Abstract:
A hybrid fuel injection system which allows electronic control over the injection processes, wherein selective rate shaping and multiplicity of injections is possible. The hybrid fuel injection system consists of an add-on common rail system (CRS) which provides supplemental fuel injections with respect to the main fuel injections provided by a unit pump system (UPS). Additionally, the CRS can serve to provide fuel injections as necessary to effect a “limp-home” mode of engine operation in the event of a failure of the UPS. Both the CRS and the UPS use common fuel supply, return, injector, and electronic controller.

Description:
TECHNICAL FIELD 
   The present invention relates to fuel injection systems for internal combustion engines, particularly diesel engines. More particularly, the present invention relates to an electronically-controlled hybrid fuel injection system for providing selective fuel injection rate shaping and multiplicity of injections. 
   BACKGROUND OF THE INVENTION 
   To meet future EPA emissions standards, large bore medium speed diesel engines need greater flexibility and reliability on the fuel injection equipment with regard to fuel metering, injection timing, injection pressure, rate of injection (rate shaping) and multiple (pre-, post-, or split) injections independent of engine speed. A production unit pump system (UPS) offers the advantage of design simplicity with flexibility on electronically-controlled injection timing. 
   However, the rate of injection and injection pressure are solely dependent upon cam profile and engine speed, and are optimized for full load operating conditions. It is impossible to provide split injections and/or injection pressure control and pressure level. At engine idle and lower speeds, the UPS cannot generate adequate high injection pressures that are necessary to achieve complete combustion. 
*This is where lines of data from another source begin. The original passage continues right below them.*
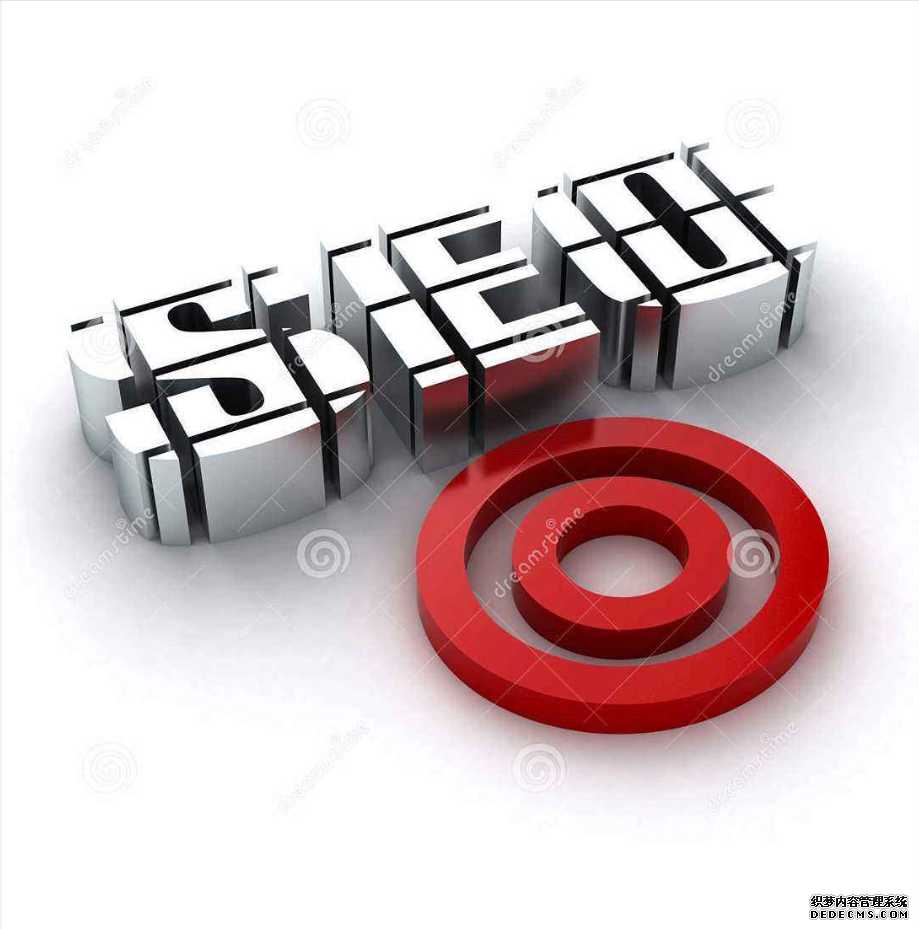站点切换https不会对流量产生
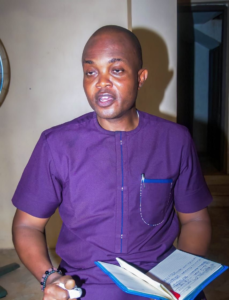 Movie producers eye 87-year-old Igbo-Ukwu building for epic films 86d2bb6f 6bd4 4824 afbd caa89f89026b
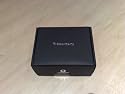 RIM Blackberry Storm 9500 Mobile phone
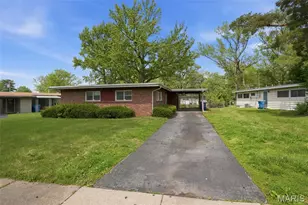 8513 Midwood Ave, Warrenton, MO 63134 - Photo 3
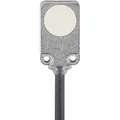 ifm Electronic Induktiver Sensor NPN IQ2017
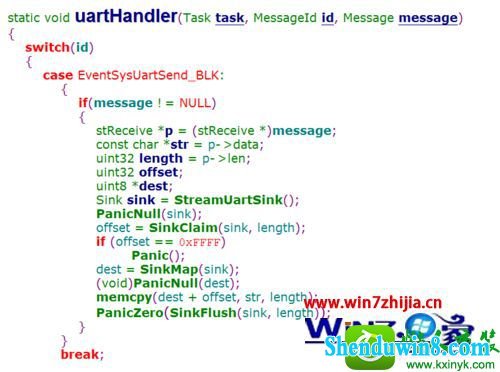 win10ϵͳģ鴮޷ͨѶĽ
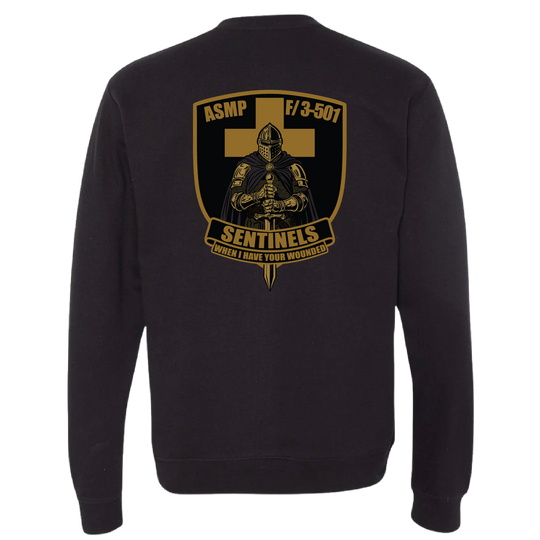 fco3_501ahbsentinelsPLATOON_crewneck_black_back.png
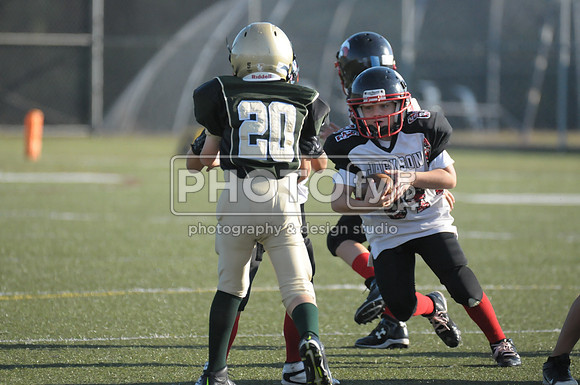 BMAYF_09-28-14_1045
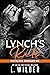 Lynch's Rule (Ruthless Sinners MC, #9)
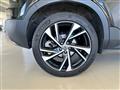 VOLVO XC40 D4 AWD Geartronic R-design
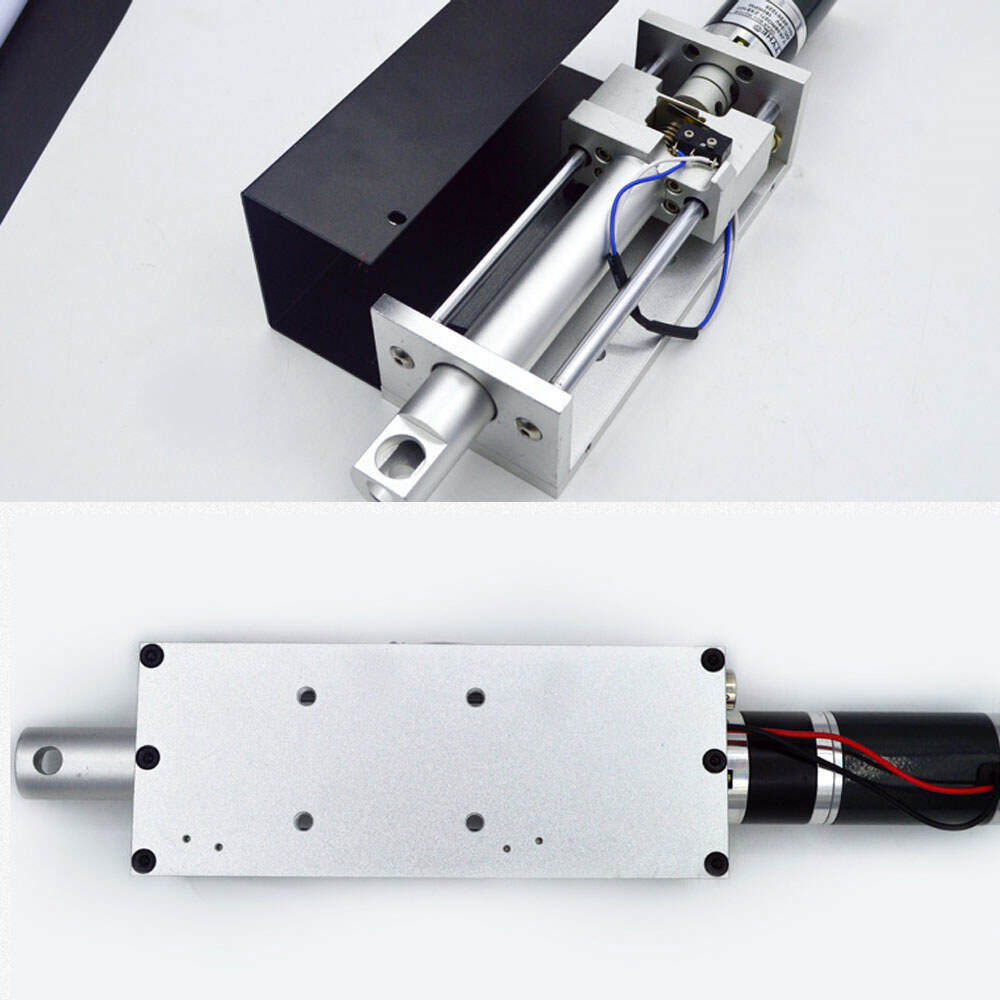 CNC Cutting Torch Holder Plasma Flame Cutting Machine Z-axis Lifter + Controller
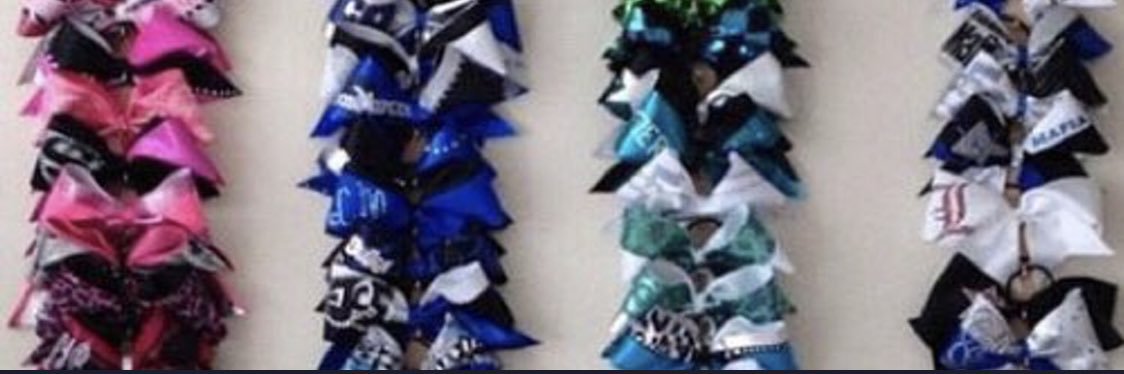 cheernet's profile banner image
   In order to overcome these shortcomings, advancements to the UPS such as current controlled rate shaping (CCRS) and advanced unit pump system (AUPS) are being developed by the fuel injection equipment manufacturers. For example, see International Council on Combustion Engines, 2001 Congress, Hamburg, Germany, pages 511 through 517. Also, several new injection systems, such as common rail system (CRS) and amplifier piston common rail system (APCRS), are currently being developed. The CCRS concept offers the advantage of excellent retrofit capability with incremental cost, and it can provide initial injection rate shaping (boot injection) but limited by the cam profile, engine speed, and needle valve opening pressure. The AUPS can provide controlled injection pressure that is independent of engine speed. However, it cannot provide split injections that are essential to reduce certain exhaust emissions, engine noise, and improve fuel efficiency. 
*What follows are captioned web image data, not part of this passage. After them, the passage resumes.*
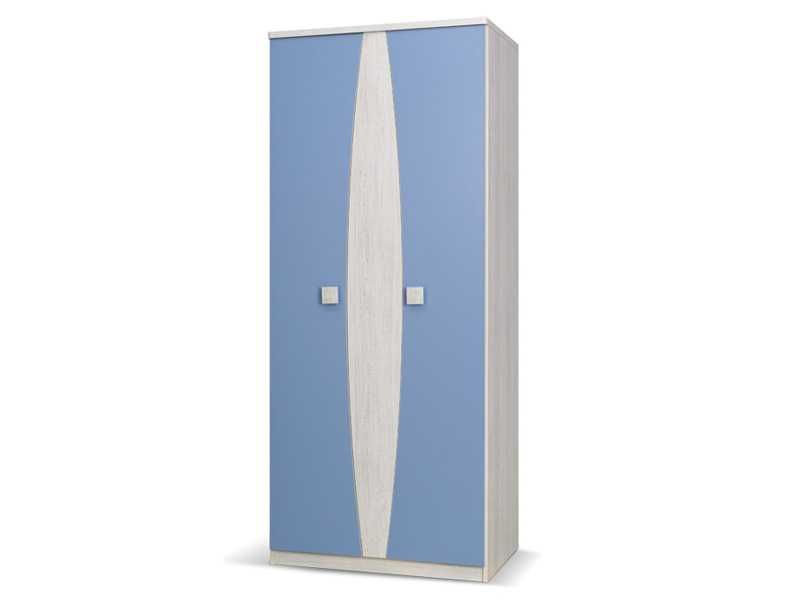 Meble młodzieżowe\dziecięce Tenus super stan! Zestaw 5 elementów!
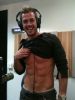 William Levy i-a aratat celebrelele 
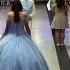 DOUBLE QUINCE Gaby S Quince Waltz 2020 Strong Sona Rele From The Motion Picture Cinderella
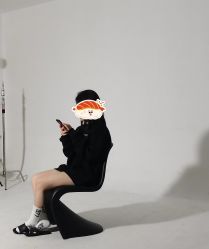 -米莱摄影写真(五大道别墅店)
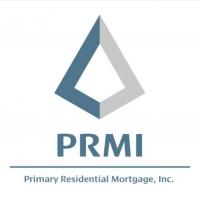 Primary Residential Mortgage, Inc. : Josh Mottashed logo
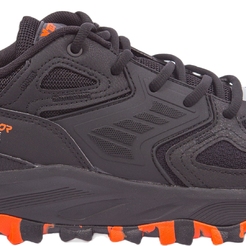 Кроссовки XTEP Outdoor Outdoor Hiking Athletic Performance977119170006-0200 - фото 8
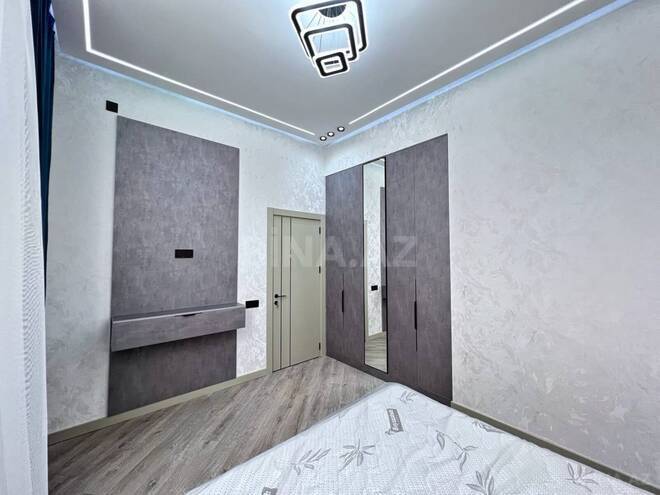 Продаётся 4-комн. дом/дача 180 м², пос. Мардакан, photo 20 from 25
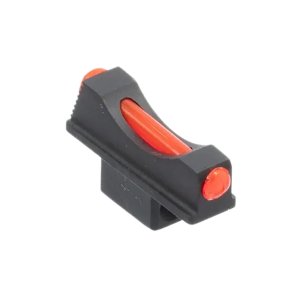 Wilson Combat Snag Free Front Sight Colt Python Anaconda Red Fiber Optic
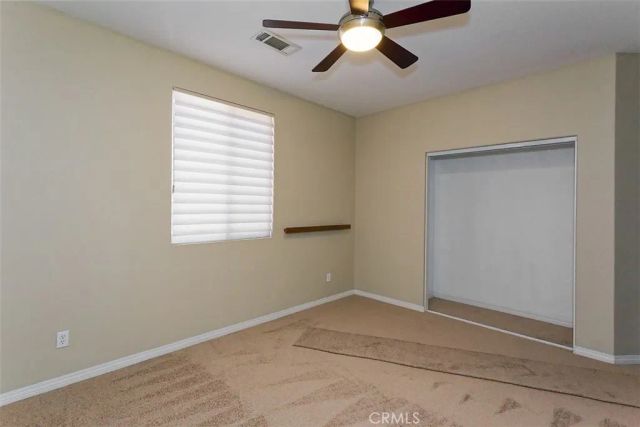 42545 Tango Court, Indio, CA 92203
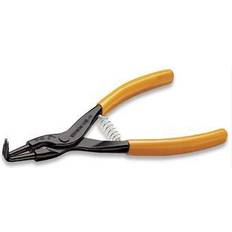 Plastic Grip Circlip Pliers Beta 1038 135X13 Circlip Plier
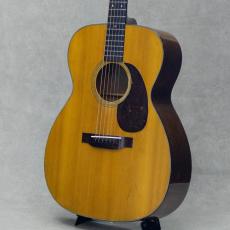 Martin OOO-18_5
   The CRS and APCRS systems (both being non-UPS) offer flexibility to control the injection timing and injection pressure independent of cam profile and/or engine speed. However, the high pressure CRS allows only controlling simple and multiple injections. Higher pressure peaks at the end of injection event and pressure pulsations at higher injection quantities limit its application to medium speed, large bore diesel engines. The APCRS, using either hydraulically- or mechanically-controlled pressure amplifier concepts, has the potential to permit pre- and post-injections, and variations in injection rate shaping. However, the boot pressure ratio is not variable because of a geometrically-fixed amplification ratio. 
   A more critical hardware constraint is the layout of the low-pressure system avoiding pressure pulsations. In comparison, the production UPS and the delineated alternative fuel systems cannot offer the desired flexible injection (cam and speed independent injection pressure, rate shaping, and multiple injections) while maintaining the reliability and cost effective retrofit capability. 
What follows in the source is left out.